Today's Papers

School Race Over?

The New York Timesand Los Angeles Timeslead with the Supreme Court deciding to rule on whether school districts can consider race when placing students. The Washington Post, Wall Street Journal’sbusiness box, and USA Today all lead with Fed Chief Ben Bernanke spooking the markets with what the Journal labels his “surprisingly frank inflation warning.”

The LAT puts the Supreme Court’s decision in the starkest terms, saying the cases—there are two—could ultimately “spell the end of official efforts to maintain racial integration in U.S. public schools.” Three years ago, the court ruled in favor of allowing universities to consider race in admissions. Justice Sandra Day O’Connor wrote that decision. This past December, when O’Connor was still on the court, the justices declined to hear just the kind of challenge that the court has now taken up.

Yesterday’s announcement is “bad news for desegregation advocates,” said one law prof. “It looks like the more conservative justices see they have a fifth vote to reverse these cases.”

The LAT and WP front—and the NYT mentions in passing—what appear to have been Iraqi government commandos bursting into a few travel agencies and kidnapping about 50 customers and workers in Baghdad. “Those are criminals going after the ransom,” said one shop manager. “They will see who is important or rich, and who is not, after interrogating them.”
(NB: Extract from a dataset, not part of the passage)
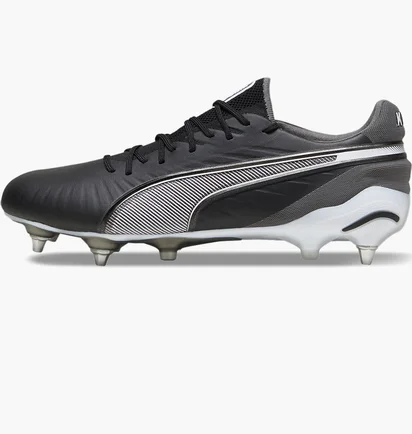 Бутсы унисекс Puma King Ultimate Mxsg Black/Grey 107866-01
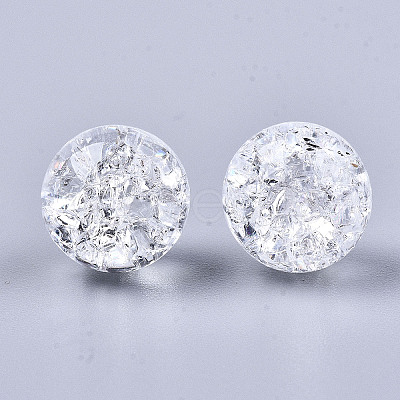 Transparent Crackle Acrylic Round Beads Strands LS-CCG-R002-12mm-01-1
The action happened about a mile from the Green Zone and “within sight of Iraq’s Ministry of Justice.” According to the Post, one witness recalled a police car driving up to the scene “only to be driven off by gunfire and shouted warnings from the kidnappers that they were from the Interior Ministry’s intelligence section.”

The LAT’s Iraq piece mentions a remarkable stat: “More people were shot, stabbed or killed in other violence in May than in any other month since the invasion, according to statistics tallied by the Ministry of Health. … Last month alone, 1,398 bodies were brought to Baghdad’s central morgue.” That doesn’t include soldiers killed or bombing victims. (The LAT first reported the stat over the weekend—but buried it inside.)

The Journal has a fascinating piece inside with military officials saying GIs at checkpoints and in convoys are only mistakenly shooting one Iraqi per week, down from seven a week a year ago. (The military is reportedly patrolling less nowadays. So, has the “per checkpoint” rate been reduced that much?) In any case, as the WSJ notes, the numbers suggest that “hundreds of Iraqi civilians” have been killed in such encounters. Military officials added that they didn’t start tracking casualties from such shootings until last July. Activist Marla Ruzicka, who had been pushing for a civilian casualty count, was killed that April, and her efforts subsequently became well-known. (This TPer also argued a month later, in May, that the military would itself benefit from improving checkpoint tactics and tracking civilian causalities.)

The NYT fronts a bit of detail about the incentives the U.S. and Europe are offering Iran. Among the sweeteners to stop Tehran’s drive for nukes: aircraft parts from Boeing. Iranian planes are notoriously unsafe, partly because replacement parts are so hard to come by.

The WP fronts a study from a watchdog group showing that House and Senate members accepted about $50 million worth of privately funded trips in the last five years. The NYT notices that aides actually made most of the trips: “Among the most popular destinations: Paris (at least 200 times), Hawaii (150) and Italy (140).”

The NYT, alone, fronts an Islamic militia taking over Somalia’s capital, Mogadishu, and routing U.S.-backed warlords. The fear, by the administration and others, is that there will now be a Taliban-like government in Somalia. An expert at the nonpartisan Congressional Research Service says the administration has it all wrong: “Somalis are secular Muslims, and the presence of the so-called Islamists is not an introduction of new ideology or religion.”

The WP mentions that the Pentagon has put out an opaque and misleading report concluding that Iraqis are optimistic that the new government will improve things. Except, as the Post notes, the report includes “no explanation of who was polled and how.” It also has similar numbers to a previous version of the report from December, before violence spiked and the Iraqi government took months to form.

It’s a good article and takes seriously the idea of trying to convey a sense of reality. Which is more than you can say for the headline: “IRAQIS BELIEVE VIOLENCE WILL ABATE, NEW REPORT SAYS;Pentagon Finds Hope Is Tied to New Government.”